YOUR OBJECTIVE
Among the entries below, one line contains "Автомобиль Subaru Tribeca Limited 5-местная" and another contains "Charles Ledoux.". Transcribe those two lines and every line between them, exactly.

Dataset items
□ □ □ □ □ □ □
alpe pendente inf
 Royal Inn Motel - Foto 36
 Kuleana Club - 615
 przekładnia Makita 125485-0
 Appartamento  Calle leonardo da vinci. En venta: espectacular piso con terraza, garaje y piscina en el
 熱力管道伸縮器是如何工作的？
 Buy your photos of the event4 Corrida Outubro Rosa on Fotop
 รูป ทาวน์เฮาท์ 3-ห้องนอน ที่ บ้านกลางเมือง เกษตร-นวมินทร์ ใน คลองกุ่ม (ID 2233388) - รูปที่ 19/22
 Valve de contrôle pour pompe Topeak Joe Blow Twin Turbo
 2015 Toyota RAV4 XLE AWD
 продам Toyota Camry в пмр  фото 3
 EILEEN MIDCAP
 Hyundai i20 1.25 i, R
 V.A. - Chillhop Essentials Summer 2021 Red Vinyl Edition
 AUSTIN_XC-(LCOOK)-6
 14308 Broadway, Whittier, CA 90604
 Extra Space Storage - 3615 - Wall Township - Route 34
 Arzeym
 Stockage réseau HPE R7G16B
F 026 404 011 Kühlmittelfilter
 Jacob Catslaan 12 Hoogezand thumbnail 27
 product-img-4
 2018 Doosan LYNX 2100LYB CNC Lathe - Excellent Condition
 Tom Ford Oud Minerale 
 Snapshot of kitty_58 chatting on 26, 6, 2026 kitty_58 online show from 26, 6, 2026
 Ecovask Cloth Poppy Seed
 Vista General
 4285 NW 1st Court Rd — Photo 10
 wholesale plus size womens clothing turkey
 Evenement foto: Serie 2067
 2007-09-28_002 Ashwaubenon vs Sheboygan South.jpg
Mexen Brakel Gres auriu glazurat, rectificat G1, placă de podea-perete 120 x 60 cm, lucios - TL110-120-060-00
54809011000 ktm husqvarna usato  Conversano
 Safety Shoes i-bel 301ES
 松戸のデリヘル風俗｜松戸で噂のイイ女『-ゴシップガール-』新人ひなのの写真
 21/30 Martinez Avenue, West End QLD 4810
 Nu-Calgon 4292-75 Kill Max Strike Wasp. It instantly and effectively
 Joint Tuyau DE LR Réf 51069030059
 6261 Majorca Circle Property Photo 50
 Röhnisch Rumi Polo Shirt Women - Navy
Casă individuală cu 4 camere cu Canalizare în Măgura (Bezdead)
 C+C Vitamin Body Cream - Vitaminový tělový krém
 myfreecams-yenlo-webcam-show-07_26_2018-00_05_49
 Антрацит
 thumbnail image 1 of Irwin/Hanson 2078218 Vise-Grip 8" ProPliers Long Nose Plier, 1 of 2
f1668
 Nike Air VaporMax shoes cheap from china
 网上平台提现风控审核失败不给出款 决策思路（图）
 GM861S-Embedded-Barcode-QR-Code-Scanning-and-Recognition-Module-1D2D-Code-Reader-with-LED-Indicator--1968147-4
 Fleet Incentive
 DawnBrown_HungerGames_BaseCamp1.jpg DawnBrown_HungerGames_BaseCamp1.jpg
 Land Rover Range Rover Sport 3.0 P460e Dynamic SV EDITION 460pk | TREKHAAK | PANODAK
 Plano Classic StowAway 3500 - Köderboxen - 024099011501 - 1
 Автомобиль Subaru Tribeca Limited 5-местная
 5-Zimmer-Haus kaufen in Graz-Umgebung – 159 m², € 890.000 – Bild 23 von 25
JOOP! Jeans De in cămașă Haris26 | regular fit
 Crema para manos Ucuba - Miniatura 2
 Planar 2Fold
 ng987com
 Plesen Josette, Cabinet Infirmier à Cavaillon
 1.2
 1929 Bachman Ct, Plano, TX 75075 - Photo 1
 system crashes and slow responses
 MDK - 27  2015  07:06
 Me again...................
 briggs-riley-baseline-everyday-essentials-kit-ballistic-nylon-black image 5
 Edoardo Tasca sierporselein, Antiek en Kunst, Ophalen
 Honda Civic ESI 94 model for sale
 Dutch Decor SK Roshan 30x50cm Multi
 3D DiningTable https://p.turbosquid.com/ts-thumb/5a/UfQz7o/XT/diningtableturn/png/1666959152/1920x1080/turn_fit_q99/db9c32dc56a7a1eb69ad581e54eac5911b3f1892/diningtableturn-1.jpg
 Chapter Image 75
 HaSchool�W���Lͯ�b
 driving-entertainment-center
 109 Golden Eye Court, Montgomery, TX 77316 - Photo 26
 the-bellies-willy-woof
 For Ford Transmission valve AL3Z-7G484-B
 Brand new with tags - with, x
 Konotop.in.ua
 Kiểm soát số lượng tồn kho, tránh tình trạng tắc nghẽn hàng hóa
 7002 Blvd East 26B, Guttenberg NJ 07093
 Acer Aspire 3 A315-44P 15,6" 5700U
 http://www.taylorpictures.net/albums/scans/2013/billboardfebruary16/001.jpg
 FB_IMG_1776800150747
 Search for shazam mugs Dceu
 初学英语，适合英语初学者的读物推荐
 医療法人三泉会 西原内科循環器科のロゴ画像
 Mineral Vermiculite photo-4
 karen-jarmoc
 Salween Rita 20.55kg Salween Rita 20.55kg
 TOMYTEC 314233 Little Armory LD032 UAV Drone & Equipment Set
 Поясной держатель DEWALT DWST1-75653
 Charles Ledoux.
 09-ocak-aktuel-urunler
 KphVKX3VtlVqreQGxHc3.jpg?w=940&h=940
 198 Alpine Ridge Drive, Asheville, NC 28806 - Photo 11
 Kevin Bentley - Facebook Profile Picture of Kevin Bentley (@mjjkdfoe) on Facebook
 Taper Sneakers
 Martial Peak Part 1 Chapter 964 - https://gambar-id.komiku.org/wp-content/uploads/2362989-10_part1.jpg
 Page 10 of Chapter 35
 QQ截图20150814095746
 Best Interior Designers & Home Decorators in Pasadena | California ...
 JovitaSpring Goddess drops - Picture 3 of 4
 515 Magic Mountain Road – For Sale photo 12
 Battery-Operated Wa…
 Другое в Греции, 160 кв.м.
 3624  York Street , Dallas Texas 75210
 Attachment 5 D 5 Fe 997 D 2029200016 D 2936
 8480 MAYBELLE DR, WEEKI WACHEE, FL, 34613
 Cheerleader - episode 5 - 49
□ □ □ □ □ □ □
FINAL ANSWER
 Автомобиль Subaru Tribeca Limited 5-местная
 5-Zimmer-Haus kaufen in Graz-Umgebung – 159 m², € 890.000 – Bild 23 von 25
JOOP! Jeans De in cămașă Haris26 | regular fit
 Crema para manos Ucuba - Miniatura 2
 Planar 2Fold
 ng987com
 Plesen Josette, Cabinet Infirmier à Cavaillon
 1.2
 1929 Bachman Ct, Plano, TX 75075 - Photo 1
 system crashes and slow responses
 MDK - 27  2015  07:06
 Me again...................
 briggs-riley-baseline-everyday-essentials-kit-ballistic-nylon-black image 5
 Edoardo Tasca sierporselein, Antiek en Kunst, Ophalen
 Honda Civic ESI 94 model for sale
 Dutch Decor SK Roshan 30x50cm Multi
 3D DiningTable https://p.turbosquid.com/ts-thumb/5a/UfQz7o/XT/diningtableturn/png/1666959152/1920x1080/turn_fit_q99/db9c32dc56a7a1eb69ad581e54eac5911b3f1892/diningtableturn-1.jpg
 Chapter Image 75
 HaSchool�W���Lͯ�b
 driving-entertainment-center
 109 Golden Eye Court, Montgomery, TX 77316 - Photo 26
 the-bellies-willy-woof
 For Ford Transmission valve AL3Z-7G484-B
 Brand new with tags - with, x
 Konotop.in.ua
 Kiểm soát số lượng tồn kho, tránh tình trạng tắc nghẽn hàng hóa
 7002 Blvd East 26B, Guttenberg NJ 07093
 Acer Aspire 3 A315-44P 15,6" 5700U
 http://www.taylorpictures.net/albums/scans/2013/billboardfebruary16/001.jpg
 FB_IMG_1776800150747
 Search for shazam mugs Dceu
 初学英语，适合英语初学者的读物推荐
 医療法人三泉会 西原内科循環器科のロゴ画像
 Mineral Vermiculite photo-4
 karen-jarmoc
 Salween Rita 20.55kg Salween Rita 20.55kg
 TOMYTEC 314233 Little Armory LD032 UAV Drone & Equipment Set
 Поясной держатель DEWALT DWST1-75653
 Charles Ledoux.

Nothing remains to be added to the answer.